# AIM OF THE TASK
Please restate word for word all lines from the one containing "Набор головок и бит 94пр. TREK" to the final line of the entries, and include no pictures.

# INFORMATION
# # # # # # #

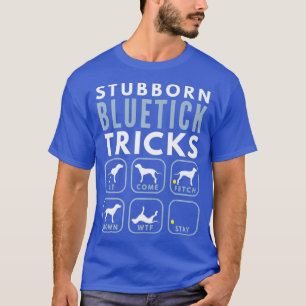 T-shirt Bluetick têtu Trucs à dos de chien - Chien Premium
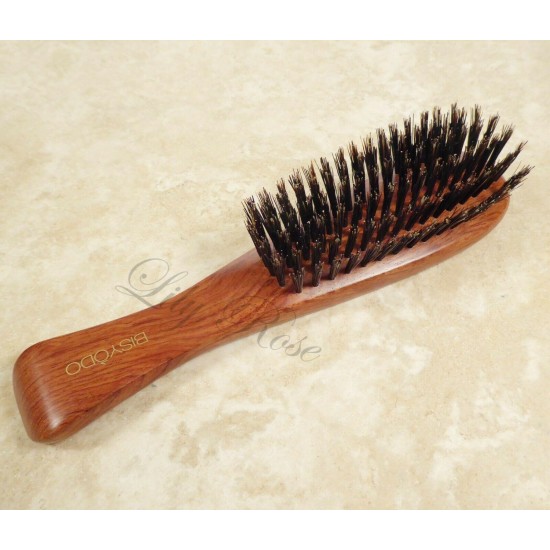 UYEDA BISYODO HB-01 Natural Hair Brush, Boar & Black Pig Bristles, Japan, NIB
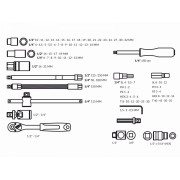 Набор головок и бит 94пр. TREK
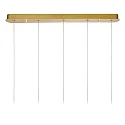 Lucide LED Pendelleuchte CINTRA, 1x21W, 2700K, transparent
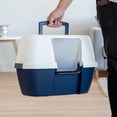 thumbnail image 2 of Caja de Arena Esquinera Grande IRIS USA Marina Blanca con Puerta Frontal y Tapa Elevable, 2 of 8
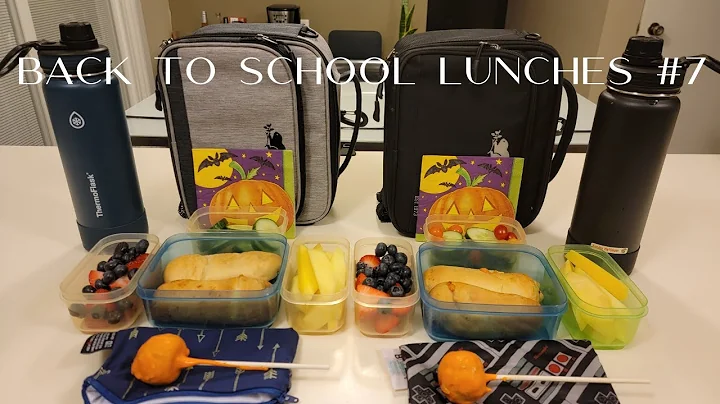 Back to school lunches #7 | 5 lunchbox ideas for k...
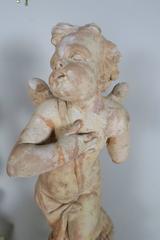 Coppia di Cherubini in terracotta del XVIII secolo di Claude Claude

# # # # # # #

# TASK OUTPUT
 Набор головок и бит 94пр. TREK
 Lucide LED Pendelleuchte CINTRA, 1x21W, 2700K, transparent
 thumbnail image 2 of Caja de Arena Esquinera Grande IRIS USA Marina Blanca con Puerta Frontal y Tapa Elevable, 2 of 8
 Back to school lunches #7 | 5 lunchbox ideas for k...
 Coppia di Cherubini in terracotta del XVIII secolo di Claude Claude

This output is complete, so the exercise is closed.